Domingo XXVIII Tiempo Ordinario (Ciclo C)
Levántate, vete; tu fe te ha salvado

Lucas 17,11-19

   Yendo Jesús camino de Jerusalén, pasaba entre Samaría y Galilea. Cuando iba a entrar en un pueblo, vinieron a su encuentro diez leprosos, que se pararon a lo lejos y a gritos le decían:
   — “Jesús, maestro, ten compasión de nosotros.”
   Al verlos les dijo:
   — “Id a presentaros a los sacerdotes.”
   Y, mientras iban de camino, quedaron limpios. Uno de ellos, viendo que estaba curado, se volvió alabando a Dios a grandes gritos y se echó por tierra a los pies de Jesús dándole gracias. Éste era un samaritano. Jesús tomó la palabra y dijo:
   — “¿No han quedado limpios los diez?; los otros nueve, ¿dónde están? ¿No ha vuelto más que este extranjero para dar gloria a Dios?”
   Y le dijo:
   — “Levántate, vete; tu fe te ha salvado”».

 
   
 

   En nuestra cultura y mentalidad damos mucha importancia a los aspectos morales de la Escritura y, debido a ello, interpretamos un texto como éste en clave de buenas costumbres. A partir del mismo montamos todo un discurso sobre la gratitud a Dios y entre los hombres. Pero, aunque el texto ciertamente habla de la gratitud, si queremos profundizar en su aspecto más nuclear, hemos de ir mucho más allá. No trata de destacar simplemente la importancia de la gratitud como una buena costumbre en personas educadas y “bien nacidas”, sino que se refiere a la actitud con la cual el hombre religioso ha de situarse ante Dios.

   El evangelista está criticando la espiritualidad basada en el mérito, en virtud del cual Dios simplemente reconoce la propia bondad del hombre. En esa espiritualidad no cabe la misericordia, lo único que cabe es la justicia. Desde este régimen los pecadores están automáticamente excluidos, ya que un pecador jamás puede compensar el mal que ha hecho. Lo único que puede hacer es reconocer su pecado, que es precisamente lo que hace el publicano de la parábola en su oración, es decir, reconocerse inferior y reconocerse en deuda eterna con Dios. Precisamente en eso, como ya hemos dicho antes, está la salvación porque esa es la fe.
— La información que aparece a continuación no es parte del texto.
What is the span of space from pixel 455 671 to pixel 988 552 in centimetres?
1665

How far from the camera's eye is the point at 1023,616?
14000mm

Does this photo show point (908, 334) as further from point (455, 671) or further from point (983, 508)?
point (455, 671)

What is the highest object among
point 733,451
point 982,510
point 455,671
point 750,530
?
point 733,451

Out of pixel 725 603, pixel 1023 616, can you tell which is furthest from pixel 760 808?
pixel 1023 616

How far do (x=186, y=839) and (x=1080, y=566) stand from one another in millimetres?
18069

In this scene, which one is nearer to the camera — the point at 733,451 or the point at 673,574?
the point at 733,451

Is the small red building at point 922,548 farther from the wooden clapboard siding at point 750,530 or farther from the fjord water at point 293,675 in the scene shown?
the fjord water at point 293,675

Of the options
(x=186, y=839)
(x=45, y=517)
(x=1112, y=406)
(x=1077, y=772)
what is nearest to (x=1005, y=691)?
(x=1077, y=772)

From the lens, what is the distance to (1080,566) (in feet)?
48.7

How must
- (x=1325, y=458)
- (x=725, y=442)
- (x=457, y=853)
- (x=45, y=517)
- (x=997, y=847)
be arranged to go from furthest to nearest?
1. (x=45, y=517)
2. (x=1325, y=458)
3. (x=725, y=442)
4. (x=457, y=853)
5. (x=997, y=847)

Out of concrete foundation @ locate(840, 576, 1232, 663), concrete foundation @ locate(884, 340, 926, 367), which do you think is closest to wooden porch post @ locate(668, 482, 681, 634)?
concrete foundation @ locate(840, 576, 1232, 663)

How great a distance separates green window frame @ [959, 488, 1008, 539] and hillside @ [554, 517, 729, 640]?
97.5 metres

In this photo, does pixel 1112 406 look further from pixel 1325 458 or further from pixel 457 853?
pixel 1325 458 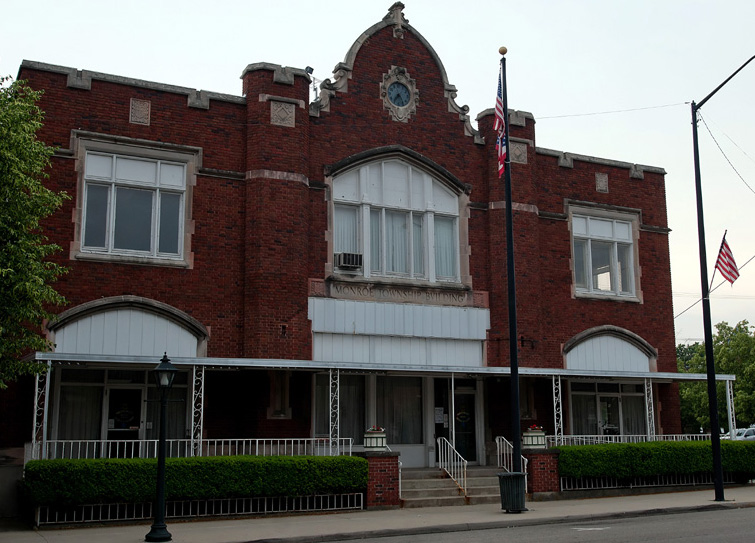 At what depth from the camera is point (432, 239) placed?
2175 cm

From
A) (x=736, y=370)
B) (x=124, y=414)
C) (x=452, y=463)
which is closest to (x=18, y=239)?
(x=124, y=414)

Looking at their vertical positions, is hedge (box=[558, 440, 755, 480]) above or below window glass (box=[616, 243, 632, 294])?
below

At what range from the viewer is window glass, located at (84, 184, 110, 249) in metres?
18.4

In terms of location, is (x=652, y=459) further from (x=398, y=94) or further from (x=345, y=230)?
(x=398, y=94)

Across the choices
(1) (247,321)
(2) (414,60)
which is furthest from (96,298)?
(2) (414,60)

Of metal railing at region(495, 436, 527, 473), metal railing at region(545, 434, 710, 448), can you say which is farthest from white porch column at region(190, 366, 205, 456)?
metal railing at region(545, 434, 710, 448)

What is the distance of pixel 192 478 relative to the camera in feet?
51.4

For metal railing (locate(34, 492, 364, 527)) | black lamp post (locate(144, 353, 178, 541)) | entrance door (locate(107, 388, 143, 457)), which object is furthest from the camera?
entrance door (locate(107, 388, 143, 457))

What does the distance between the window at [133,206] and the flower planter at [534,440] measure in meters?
8.85

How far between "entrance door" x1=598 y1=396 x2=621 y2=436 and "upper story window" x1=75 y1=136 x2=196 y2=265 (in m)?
12.3

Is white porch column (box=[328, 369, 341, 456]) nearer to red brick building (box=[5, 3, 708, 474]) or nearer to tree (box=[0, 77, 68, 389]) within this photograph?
red brick building (box=[5, 3, 708, 474])

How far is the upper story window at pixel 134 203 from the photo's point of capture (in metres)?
18.4

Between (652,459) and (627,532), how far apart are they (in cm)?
765

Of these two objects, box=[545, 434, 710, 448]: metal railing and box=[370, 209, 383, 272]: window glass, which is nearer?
box=[370, 209, 383, 272]: window glass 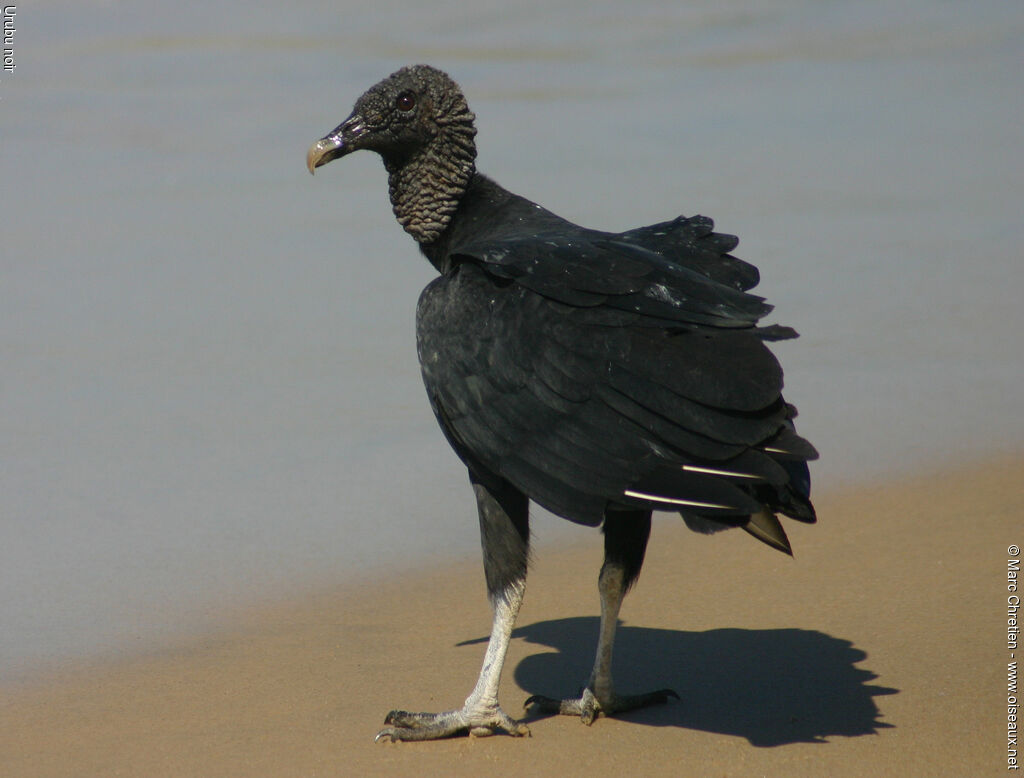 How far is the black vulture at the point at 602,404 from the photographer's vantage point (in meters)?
3.13

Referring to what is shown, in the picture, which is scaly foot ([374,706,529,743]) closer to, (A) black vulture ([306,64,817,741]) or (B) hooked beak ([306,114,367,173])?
(A) black vulture ([306,64,817,741])

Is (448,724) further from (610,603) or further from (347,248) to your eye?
(347,248)

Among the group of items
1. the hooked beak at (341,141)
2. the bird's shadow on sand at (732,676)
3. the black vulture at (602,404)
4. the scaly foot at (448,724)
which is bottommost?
the scaly foot at (448,724)

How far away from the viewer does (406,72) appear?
407 centimetres

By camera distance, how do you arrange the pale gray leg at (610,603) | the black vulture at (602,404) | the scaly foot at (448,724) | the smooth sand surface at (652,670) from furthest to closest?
the pale gray leg at (610,603), the scaly foot at (448,724), the smooth sand surface at (652,670), the black vulture at (602,404)

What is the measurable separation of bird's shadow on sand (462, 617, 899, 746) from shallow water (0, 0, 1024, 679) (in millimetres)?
801

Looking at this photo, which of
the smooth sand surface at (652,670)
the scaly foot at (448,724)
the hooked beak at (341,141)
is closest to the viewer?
the smooth sand surface at (652,670)

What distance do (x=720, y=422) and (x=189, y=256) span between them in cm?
507

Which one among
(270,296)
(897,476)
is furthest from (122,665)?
(270,296)

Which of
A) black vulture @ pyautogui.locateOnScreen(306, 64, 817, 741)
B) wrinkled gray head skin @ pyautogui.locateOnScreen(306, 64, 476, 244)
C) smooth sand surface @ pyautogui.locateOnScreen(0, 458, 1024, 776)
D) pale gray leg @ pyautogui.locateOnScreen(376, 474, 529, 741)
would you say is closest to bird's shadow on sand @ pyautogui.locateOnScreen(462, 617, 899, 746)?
smooth sand surface @ pyautogui.locateOnScreen(0, 458, 1024, 776)

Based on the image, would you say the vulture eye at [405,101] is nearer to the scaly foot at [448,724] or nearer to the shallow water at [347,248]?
the shallow water at [347,248]

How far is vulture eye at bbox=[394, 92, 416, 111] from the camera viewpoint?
158 inches

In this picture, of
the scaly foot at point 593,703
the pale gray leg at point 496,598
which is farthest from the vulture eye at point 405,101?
the scaly foot at point 593,703

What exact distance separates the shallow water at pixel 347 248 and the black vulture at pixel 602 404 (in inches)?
46.9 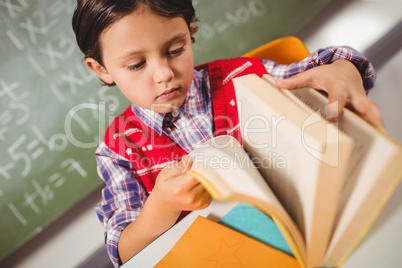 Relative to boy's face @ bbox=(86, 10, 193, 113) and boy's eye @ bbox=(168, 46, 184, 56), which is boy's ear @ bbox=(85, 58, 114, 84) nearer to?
boy's face @ bbox=(86, 10, 193, 113)

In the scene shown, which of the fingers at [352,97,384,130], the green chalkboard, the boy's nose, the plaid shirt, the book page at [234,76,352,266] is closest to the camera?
the book page at [234,76,352,266]

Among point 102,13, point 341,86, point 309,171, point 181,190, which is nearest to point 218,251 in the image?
point 181,190

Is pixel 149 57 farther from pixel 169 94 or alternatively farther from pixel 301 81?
pixel 301 81

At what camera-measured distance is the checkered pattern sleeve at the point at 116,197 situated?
0.54 metres

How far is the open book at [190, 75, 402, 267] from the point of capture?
0.23m

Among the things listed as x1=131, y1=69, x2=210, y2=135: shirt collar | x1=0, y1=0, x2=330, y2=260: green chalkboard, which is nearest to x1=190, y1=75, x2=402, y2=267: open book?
x1=131, y1=69, x2=210, y2=135: shirt collar

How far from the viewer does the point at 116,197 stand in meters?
0.59

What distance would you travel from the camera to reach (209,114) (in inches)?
26.0

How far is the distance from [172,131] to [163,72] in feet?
0.70

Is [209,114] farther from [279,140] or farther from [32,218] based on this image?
[32,218]

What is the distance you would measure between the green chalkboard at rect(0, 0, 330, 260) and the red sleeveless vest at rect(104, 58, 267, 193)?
0.24 meters

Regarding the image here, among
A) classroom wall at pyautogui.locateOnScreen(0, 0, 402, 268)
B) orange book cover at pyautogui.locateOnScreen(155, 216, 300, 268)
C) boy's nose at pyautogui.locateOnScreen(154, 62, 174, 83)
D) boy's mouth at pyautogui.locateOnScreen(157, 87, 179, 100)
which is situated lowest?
classroom wall at pyautogui.locateOnScreen(0, 0, 402, 268)

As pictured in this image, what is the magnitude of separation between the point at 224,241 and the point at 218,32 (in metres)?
0.80

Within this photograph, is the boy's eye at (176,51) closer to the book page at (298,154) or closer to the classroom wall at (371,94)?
the book page at (298,154) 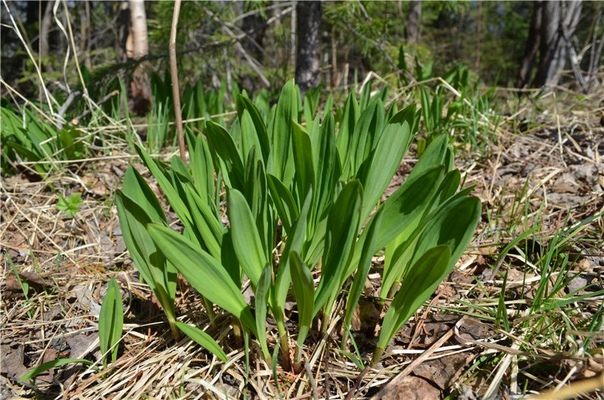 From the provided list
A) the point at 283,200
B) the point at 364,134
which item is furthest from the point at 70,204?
the point at 364,134

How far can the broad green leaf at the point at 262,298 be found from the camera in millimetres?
808

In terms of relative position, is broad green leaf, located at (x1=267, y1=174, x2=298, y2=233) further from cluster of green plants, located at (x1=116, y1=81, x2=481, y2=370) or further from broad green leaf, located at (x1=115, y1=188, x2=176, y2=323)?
broad green leaf, located at (x1=115, y1=188, x2=176, y2=323)

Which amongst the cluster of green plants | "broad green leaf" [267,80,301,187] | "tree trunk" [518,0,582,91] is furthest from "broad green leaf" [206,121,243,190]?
"tree trunk" [518,0,582,91]

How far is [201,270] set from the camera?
88 centimetres

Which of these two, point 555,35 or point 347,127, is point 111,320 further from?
point 555,35

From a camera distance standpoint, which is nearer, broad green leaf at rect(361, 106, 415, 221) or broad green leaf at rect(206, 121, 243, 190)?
broad green leaf at rect(361, 106, 415, 221)

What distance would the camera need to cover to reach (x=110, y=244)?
1.64 meters

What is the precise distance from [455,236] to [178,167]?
0.70 meters

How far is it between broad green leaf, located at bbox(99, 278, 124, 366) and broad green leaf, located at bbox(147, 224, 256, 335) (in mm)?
238

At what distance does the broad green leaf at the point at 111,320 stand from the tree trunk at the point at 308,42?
200 centimetres

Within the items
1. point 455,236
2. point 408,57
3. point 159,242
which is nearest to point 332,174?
point 455,236

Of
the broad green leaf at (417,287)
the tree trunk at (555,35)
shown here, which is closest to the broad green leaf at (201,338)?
the broad green leaf at (417,287)

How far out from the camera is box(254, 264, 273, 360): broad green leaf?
0.81 m

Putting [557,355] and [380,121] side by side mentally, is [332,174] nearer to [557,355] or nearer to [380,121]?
[380,121] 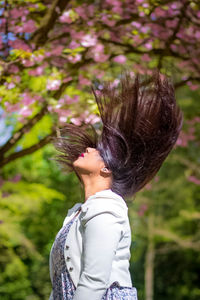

   El texto expresa una de las bases de la espiritualidad cristiana que se fundamenta en lo que denominamos: la espiritualidad del don. Dicha espiritualidad es también la que recogen los evangelios cuando afirman que el comienzo de la vida espiritual está en reconocer el don y su magnitud. El cristianismo reconoce que todo es gracia, como bien dice san Pablo: "todo es don".

   Charis en griego significa gracia y de ahí viene precisamente el término caridad. La caridad bien entendida no significa simplemente la compasión. Éste término, frecuentemente utilizado en el discurso budista, hace referencia al hecho de sentirse impactado por el sufrimiento de otro ser humano o de cualquier ser vivo por pertenecer a la misma materia. La caridad y la gracia es la moción que surge de la conciencia del don. La persona se vuelca en los demás porque antes Otro se ha volcado en ella. Por tanto la caridad cristiana no se puede reducir simplemente a compasión budista. Una vez agradecido el don, surge el afecto hacia quien nos lo ha concedido y, de cara a los otros, el paso siguiente es el de practicar la gratuidad, que significa tratar al otro como se me ha tratado a mí. Así el proceso es completo es: el don lleva a la gratitud y ésta a la gratuidad. La gratuidad con los otros —la generosidad sin medida— es el signo de que se ha agradecido y reconocido el don.

   Toda espiritualidad basada en el mérito y en el derecho es una falacia. Se trata de equipararse con Dios para reclamarle la gran cantidad de cosas que hacemos por él. De modo que se trata de una reducción de Dios al ámbito humano, del Creador a la dignidad de la criatura.